Required action: Omit the pictures while printing every entry below exactly as given.
+---+
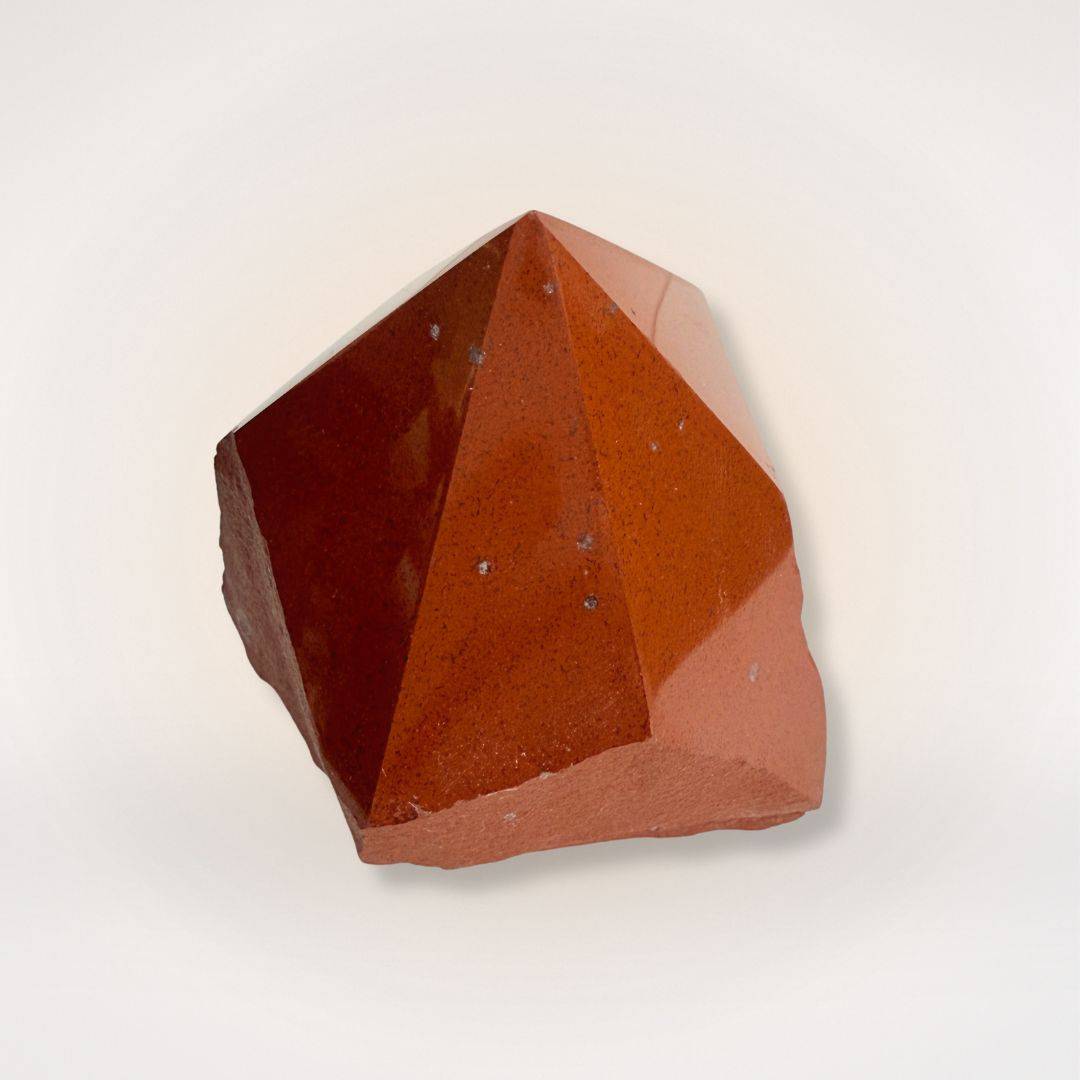 Polished Red Jasper Natural Sided Point tower showcasing deep red hues and grounding energy, perfect for collectors and healing practices.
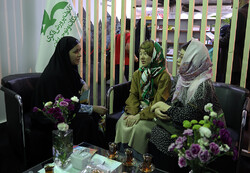 An IIDCYA staff (L) speaks to Kodansha representatives during the 32nd Tehran International Book Fair.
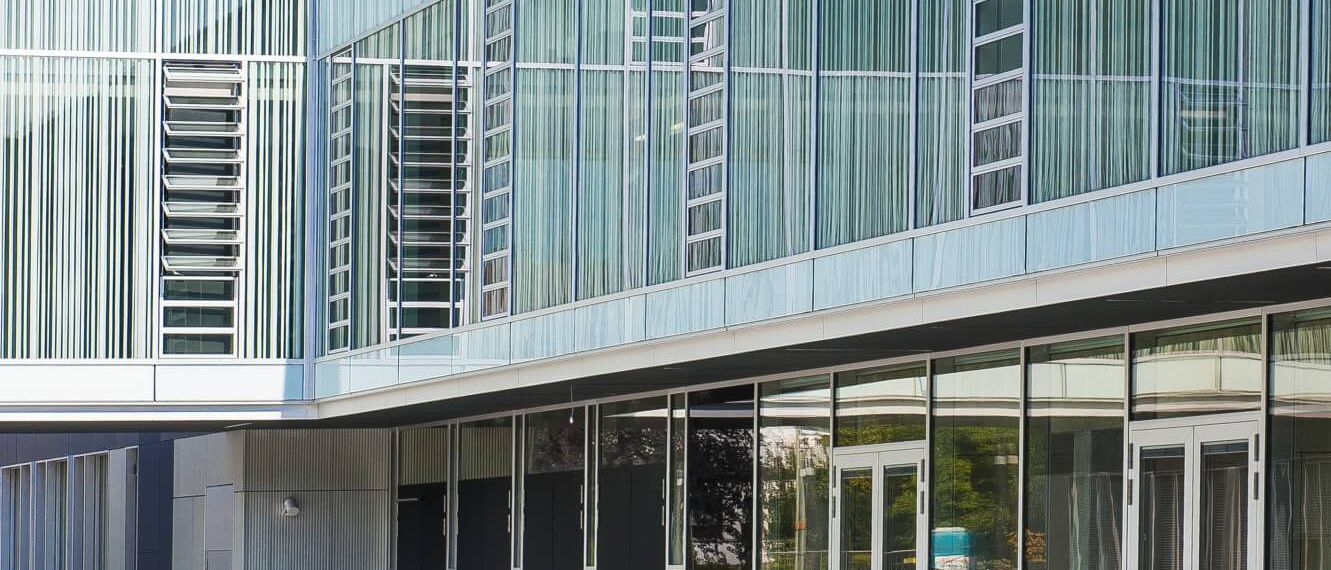 Glasfassade mit vertikalen Lamellen und verglaster Eingangsfront am Innenhof – Gymnasium Oberursel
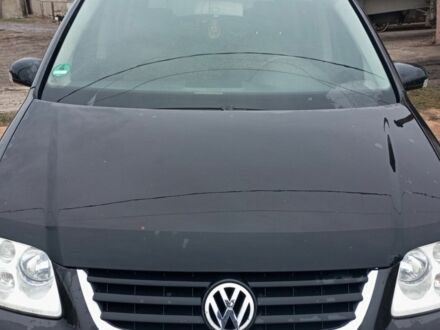 Чорний Фольксваген Туран, об'ємом двигуна 0 л та пробігом 260 тис. км за 7000 $, фото 1 на Automoto.ua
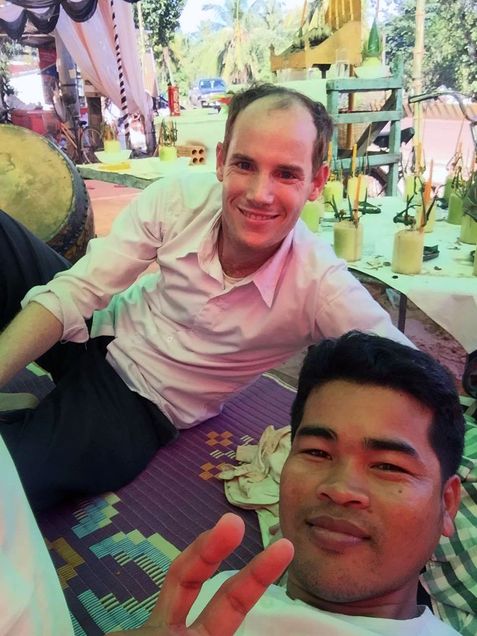 Jeffrey Dyer poses for a photo while performing music in Cambodia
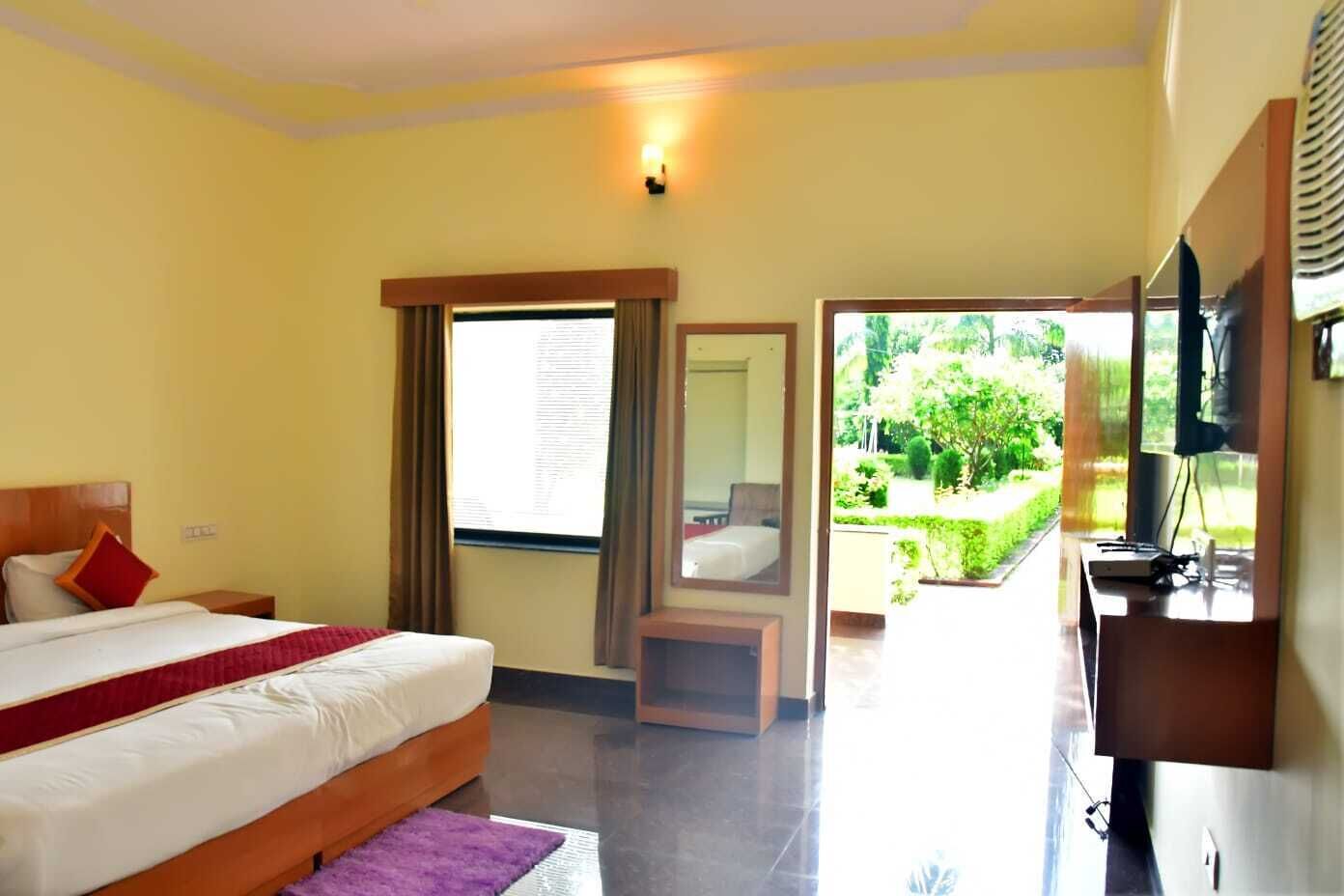 A hotel room with a bed, a desk, a chair, and a view of the garden.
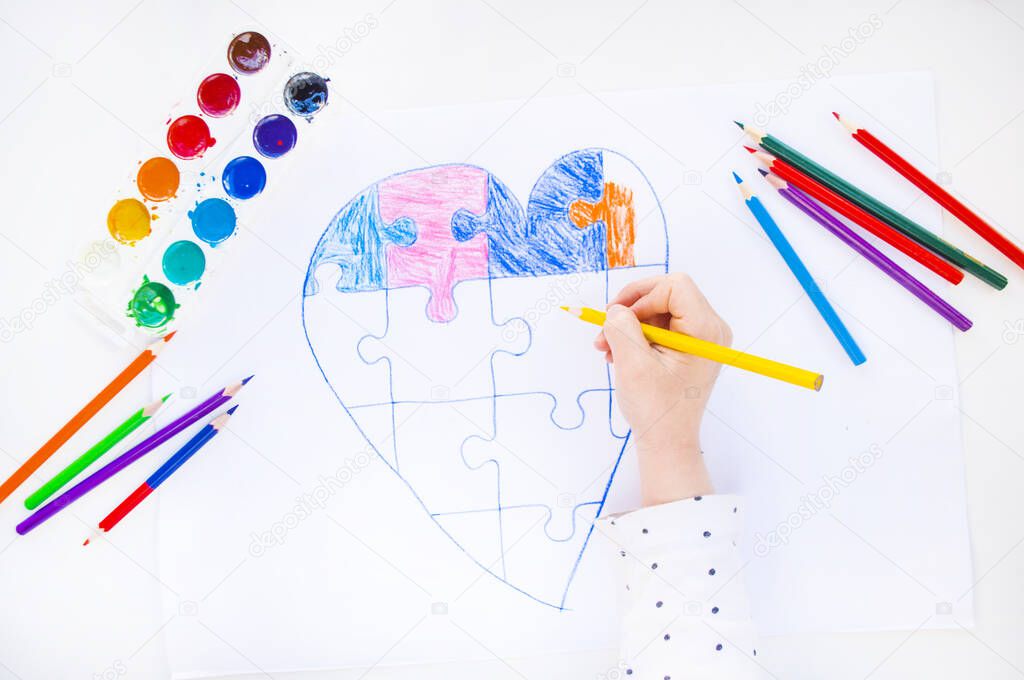 A child is drawing colorful heart with jigsaw puzzle on white background as a symbol of autism, with colorful pencils and watercolors.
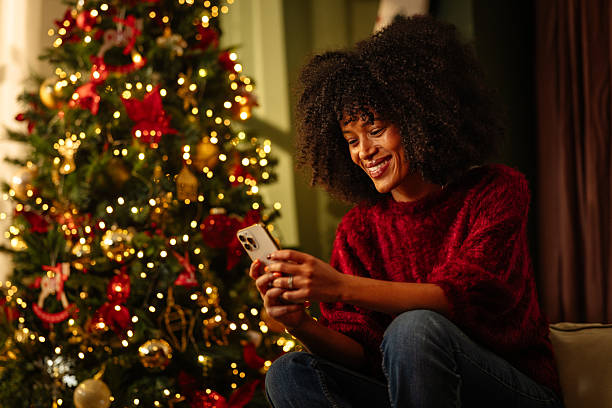 istock Young woman using smartphone near illuminated Christmas tree at home 2236853755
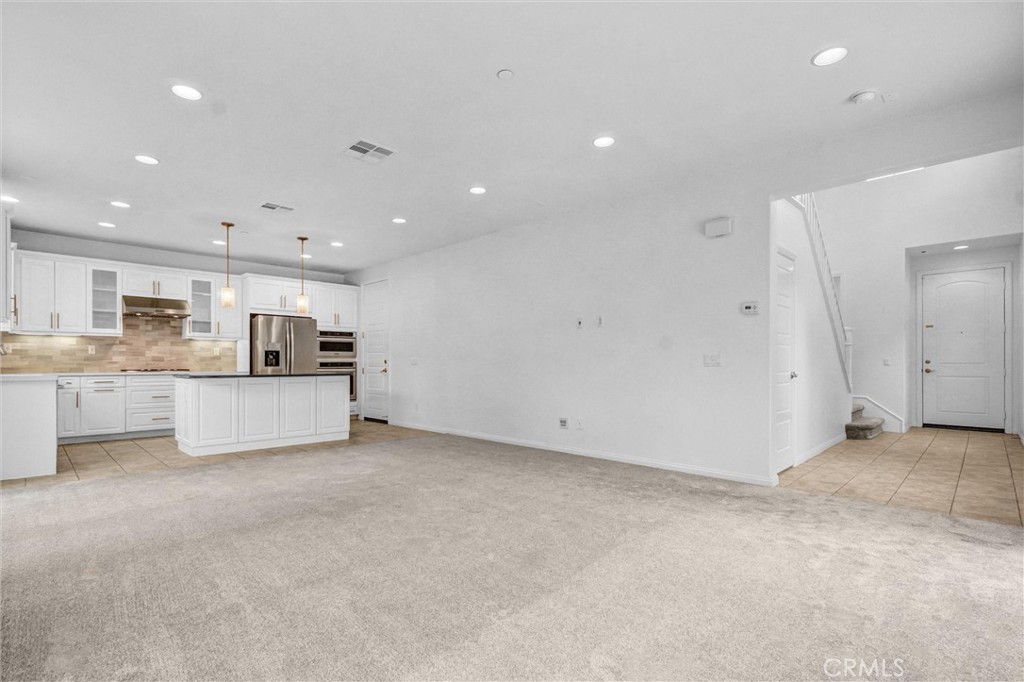 54 Visionary Irvine, CA 92618 - Photo 8 of 39 a view of kitchen with refrigerator and kitchen island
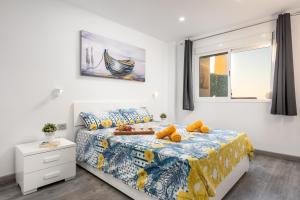 En eller flere senge i et værelse på 22 Casablanca II Veronica + 43 billeder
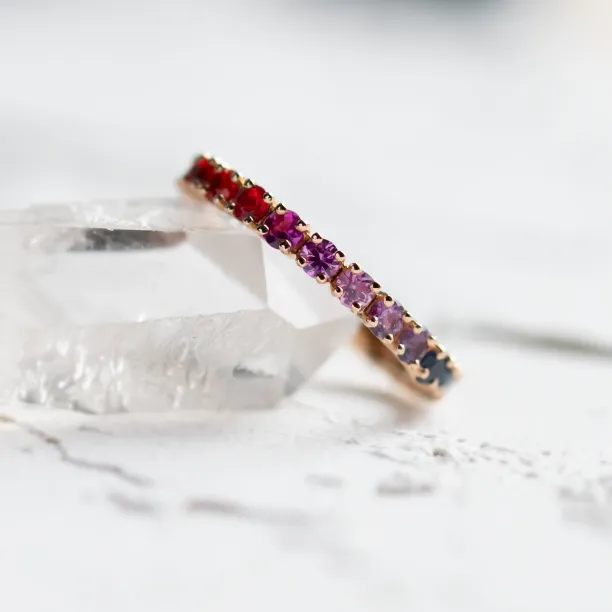 Close-up of the MOSAIC ring’s colorful sapphires in a continuous row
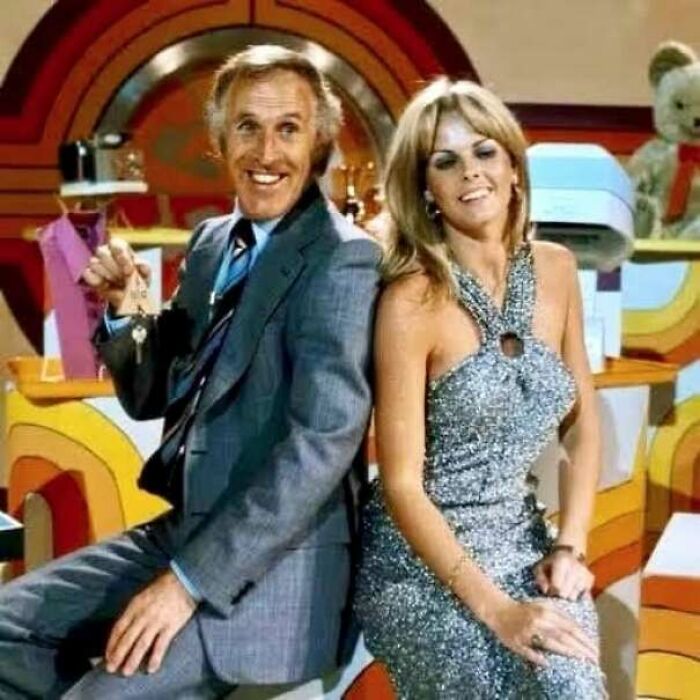 Vintage 1970s TV show hosts in colorful set and retro attire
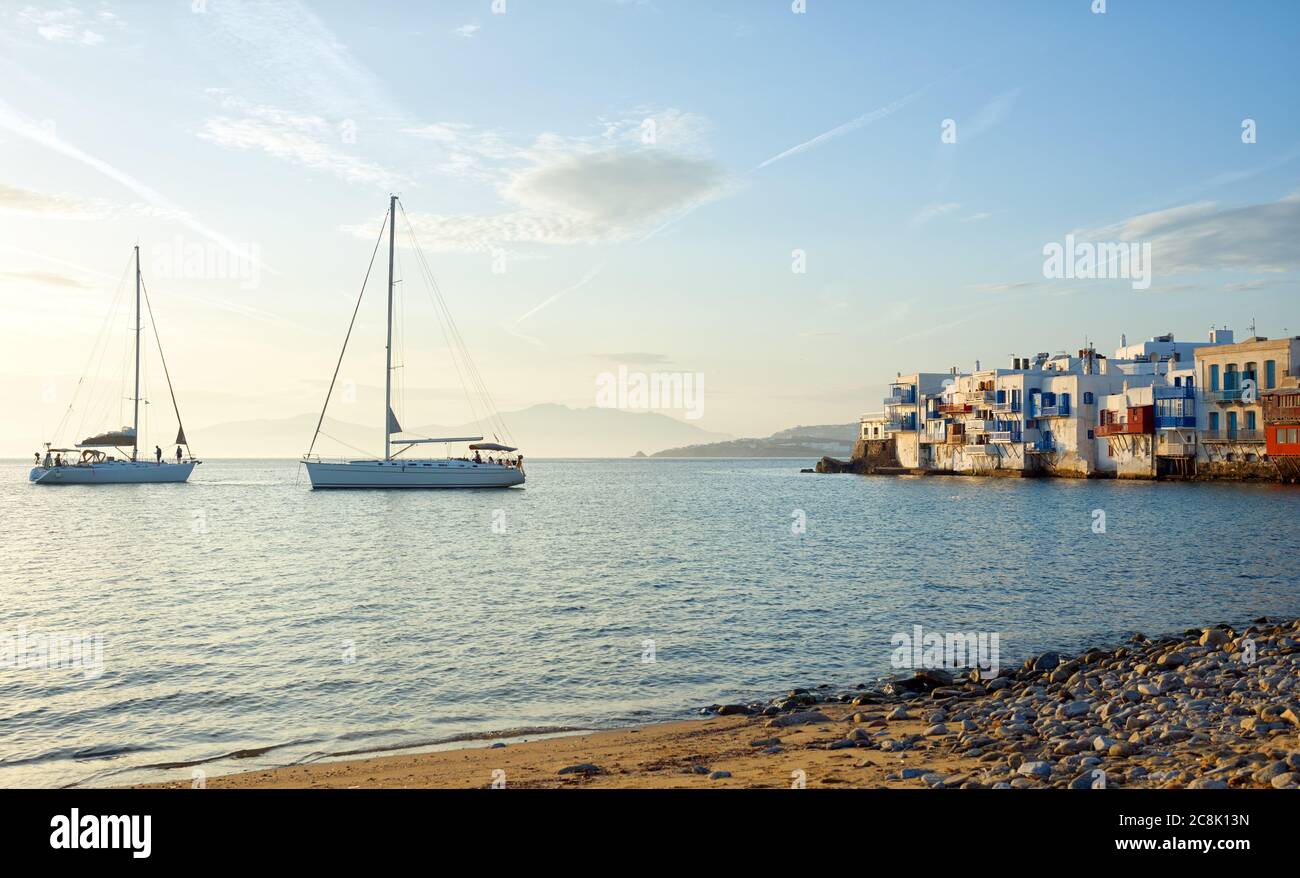 Two yachts at sea next to varicolored houses of Mykonos, Greece Stock Photo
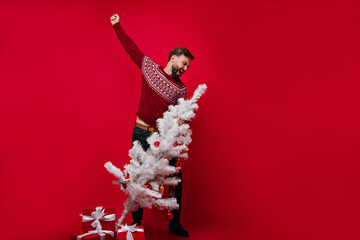Happy bearded man in knitted sweater fooling around in new year. Studio portrait of joyful white guy dancing on red background with christmas tree.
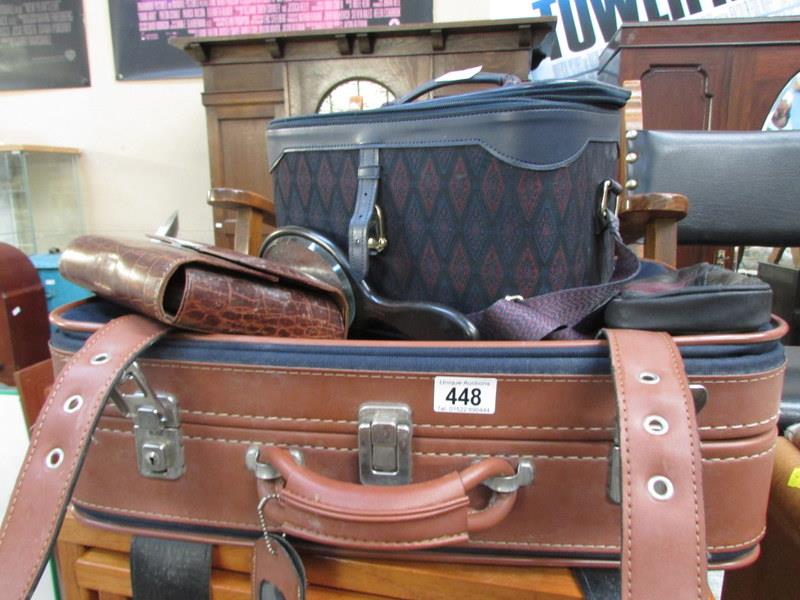 A suitcase, vanity case etc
+---+
Solution below:
 Polished Red Jasper Natural Sided Point tower showcasing deep red hues and grounding energy, perfect for collectors and healing practices.
 An IIDCYA staff (L) speaks to Kodansha representatives during the 32nd Tehran International Book Fair.
 Glasfassade mit vertikalen Lamellen und verglaster Eingangsfront am Innenhof – Gymnasium Oberursel
 Чорний Фольксваген Туран, об'ємом двигуна 0 л та пробігом 260 тис. км за 7000 $, фото 1 на Automoto.ua
 Jeffrey Dyer poses for a photo while performing music in Cambodia
 A hotel room with a bed, a desk, a chair, and a view of the garden.
 A child is drawing colorful heart with jigsaw puzzle on white background as a symbol of autism, with colorful pencils and watercolors.
 istock Young woman using smartphone near illuminated Christmas tree at home 2236853755
 54 Visionary Irvine, CA 92618 - Photo 8 of 39 a view of kitchen with refrigerator and kitchen island
 En eller flere senge i et værelse på 22 Casablanca II Veronica + 43 billeder
 Close-up of the MOSAIC ring’s colorful sapphires in a continuous row
 Vintage 1970s TV show hosts in colorful set and retro attire
 Two yachts at sea next to varicolored houses of Mykonos, Greece Stock Photo
Happy bearded man in knitted sweater fooling around in new year. Studio portrait of joyful white guy dancing on red background with christmas tree.
 A suitcase, vanity case etc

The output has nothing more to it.